Even if the Greens were to turn Germany into an eco-dictatorship, which they say they are absolutely opposed to doing, it wouldn't help the world. At least not as long as people in countries like the U.S. have a massively larger carbon footprint than we do in Germany.

There are, of course, a lot of Americans who don't think like Donald Trump does, people whose brains have room for environmental awareness. But they also have no choice but to buy their organic lettuce at Whole Foods in gigantic plastic boxes to ensure they get home safely. In the car, of course. I haven't seen bike racks in front of a single supermarket here. And for every state in America that, like California, has introduced a ban on plastic bags, there is another that has made it legally impossible to pass such a ban. Most recently, Arizona, Florida and Mississippi introduced plastic-bag-ban bans. Environmental protection in this country is proceeding in slow motion even as the polar ice caps are melting in fast-forward.

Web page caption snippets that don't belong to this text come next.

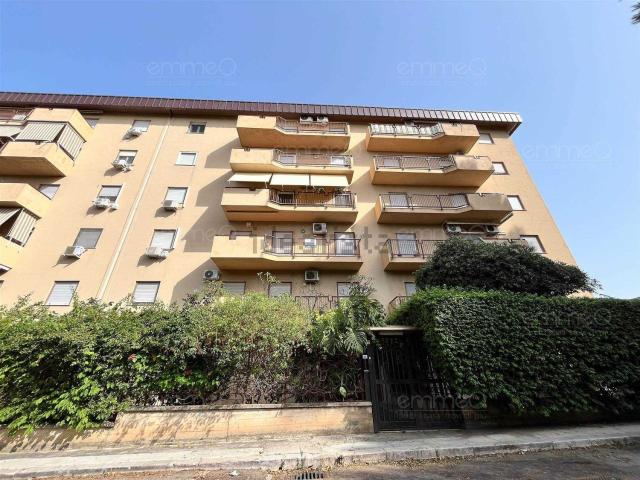 Appartamento in vendita di 136 m² in Via P. L. Deodato, 22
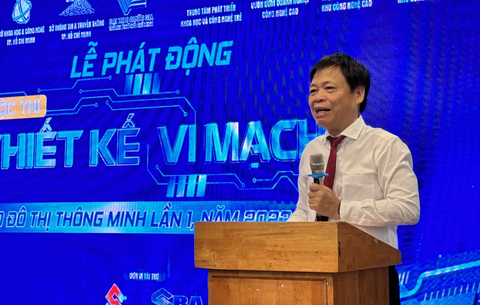 TP.HCM lần đầu tổ chức thi thiết kế vi mạch- Ảnh 2. Tiến sĩ Lê Quốc Cường, phó trưởng Ban quản lý Khu công nghệ cao TP.HCM - Ảnh: KHU CÔNG NGHỆ CAO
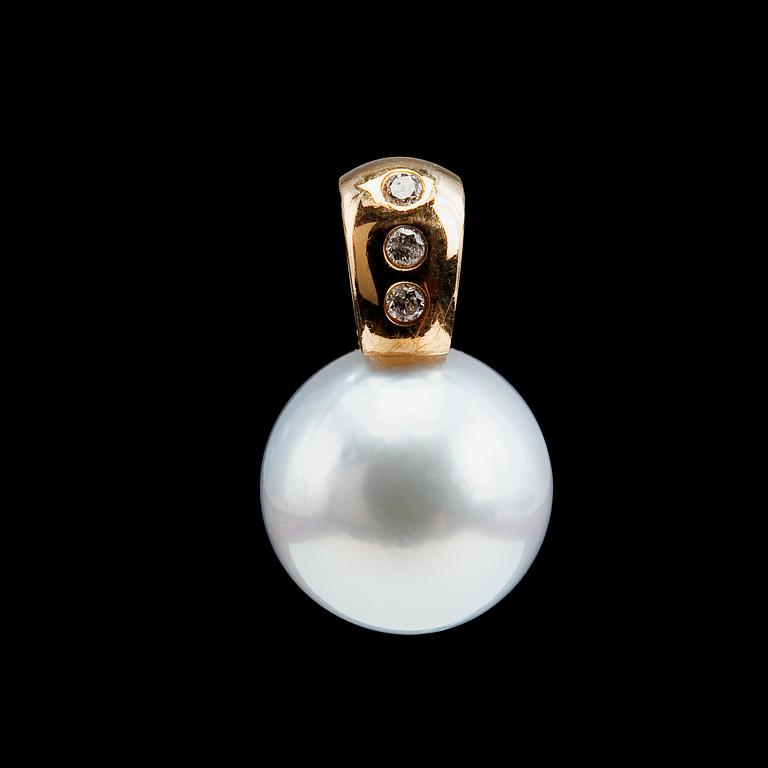 A PENDANT, South sea pearl Ø 12 mm, diamonds c. 0.06 ct.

With human civilization heading toward an untimely end, I could become a passionate follower of Greta Thunberg and follow her example by walking all the way across the North American continent to New York to call attention to the threats that face us. But I have chosen a different path.

The Fun of Fatalism

I have now lived in the U.S. for several weeks and I can see how it has changed me. I tell myself that global warming likely can't be stopped anyway. And I remind myself that 99 percent of all species that once existed on Earth are no longer here, and that humans are likely no exception.

I have dedicated myself to fatalism and realized that it's actually quite fun. After all, I have the example of a huge number of Americans to follow.

Recently, I drove in a Chevrolet Equinox from Santa Fe to Denver. I was all alone in the vehicle, which seemed at least half as big as my Munich apartment and slurped down as much fuel as a German Leopard-2 tank. Outside was the New Mexican desert. Inside, the air conditioning was going full blast. In the cupholder was an iced caramel macchiato in a plastic cup with a plastic straw. The Cure was playing on the radio: "Friday, I'm in Love." And I sang along.